Only the pictures should be left out; write out all other data exactly.

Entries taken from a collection
- - - - -

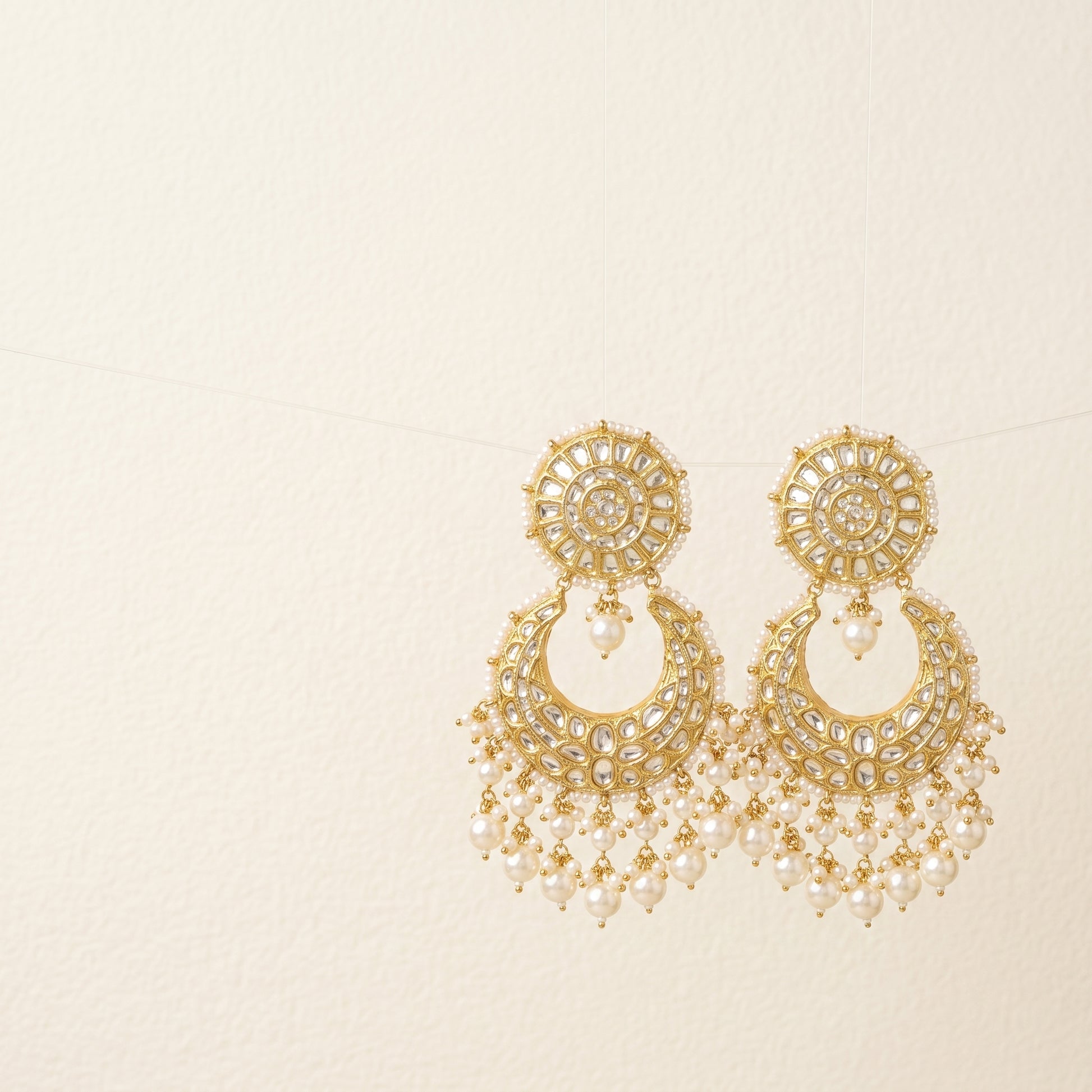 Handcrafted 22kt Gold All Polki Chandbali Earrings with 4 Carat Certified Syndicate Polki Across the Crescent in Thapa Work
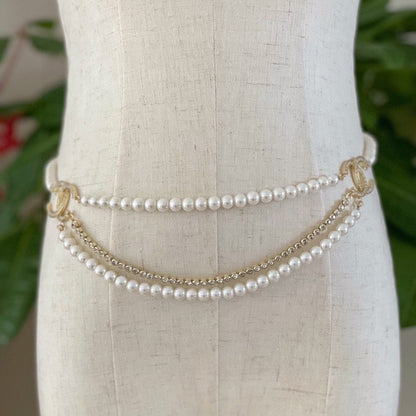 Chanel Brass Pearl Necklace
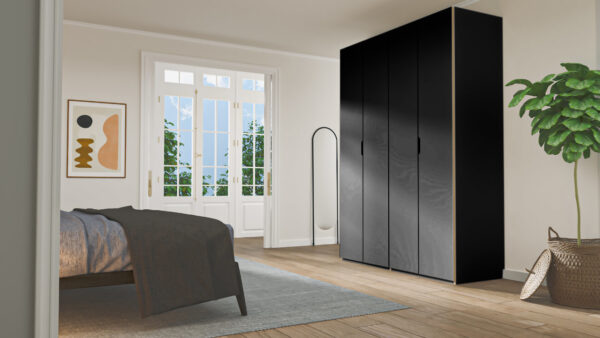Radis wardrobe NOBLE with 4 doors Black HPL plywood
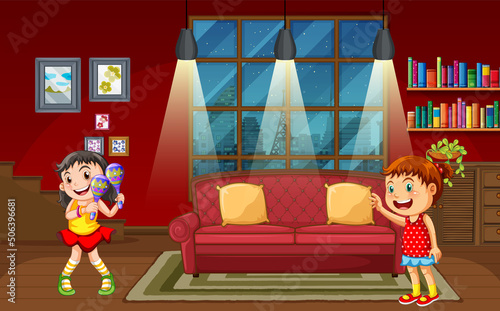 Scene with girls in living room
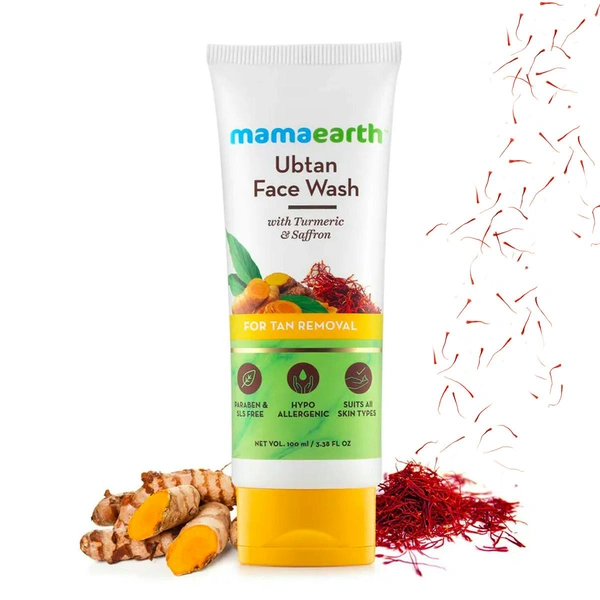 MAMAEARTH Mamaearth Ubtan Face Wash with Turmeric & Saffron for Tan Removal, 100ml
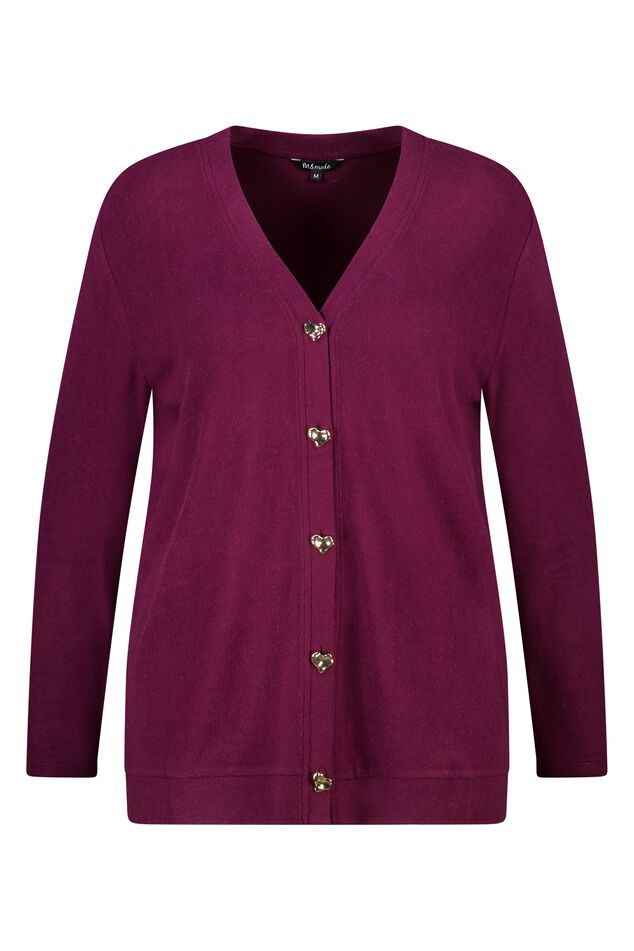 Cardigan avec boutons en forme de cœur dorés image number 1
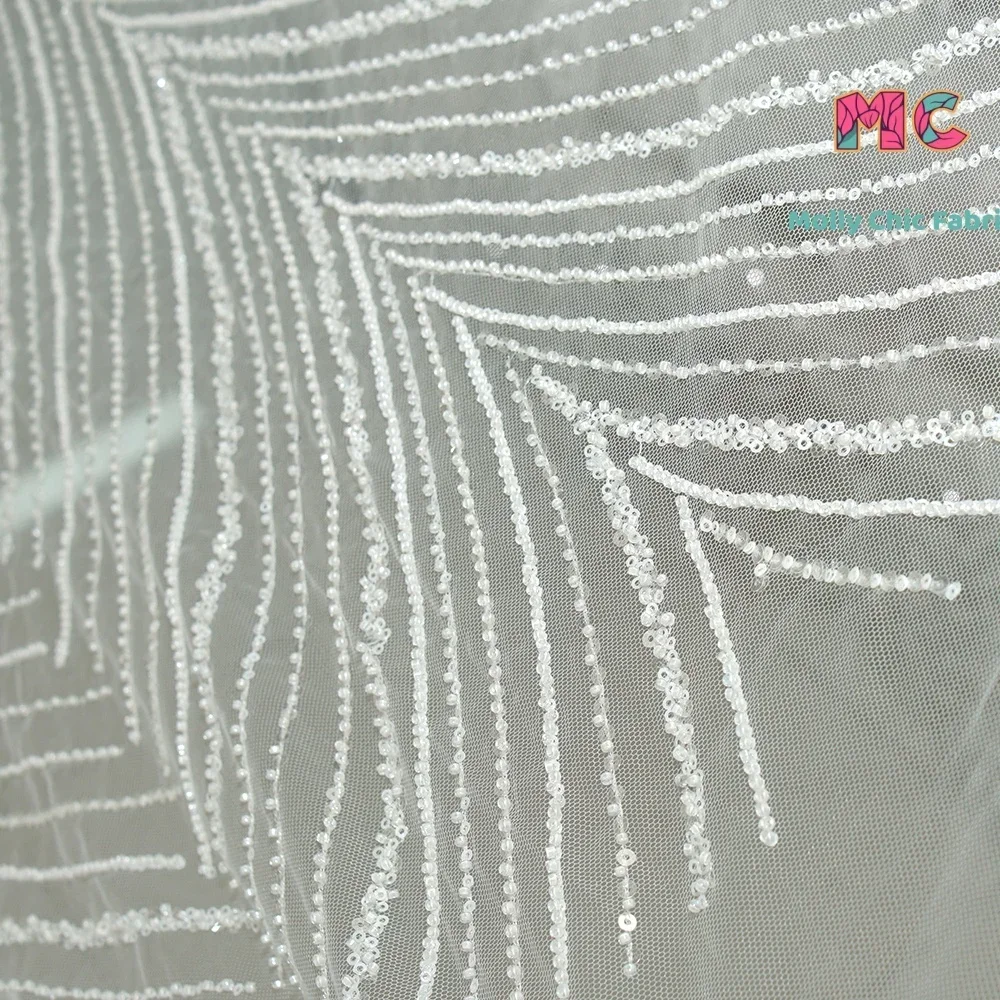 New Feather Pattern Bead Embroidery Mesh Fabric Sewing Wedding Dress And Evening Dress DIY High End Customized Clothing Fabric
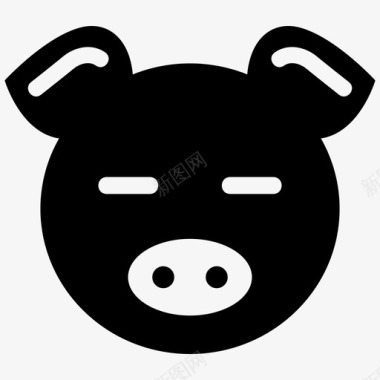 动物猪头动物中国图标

- - - - -

◆ WRITTEN RESPONSE
 Handcrafted 22kt Gold All Polki Chandbali Earrings with 4 Carat Certified Syndicate Polki Across the Crescent in Thapa Work
 Chanel Brass Pearl Necklace
Radis wardrobe NOBLE with 4 doors Black HPL plywood
 Scene with girls in living room
 MAMAEARTH Mamaearth Ubtan Face Wash with Turmeric & Saffron for Tan Removal, 100ml
 Cardigan avec boutons en forme de cœur dorés image number 1
 New Feather Pattern Bead Embroidery Mesh Fabric Sewing Wedding Dress And Evening Dress DIY High End Customized Clothing Fabric
 动物猪头动物中国图标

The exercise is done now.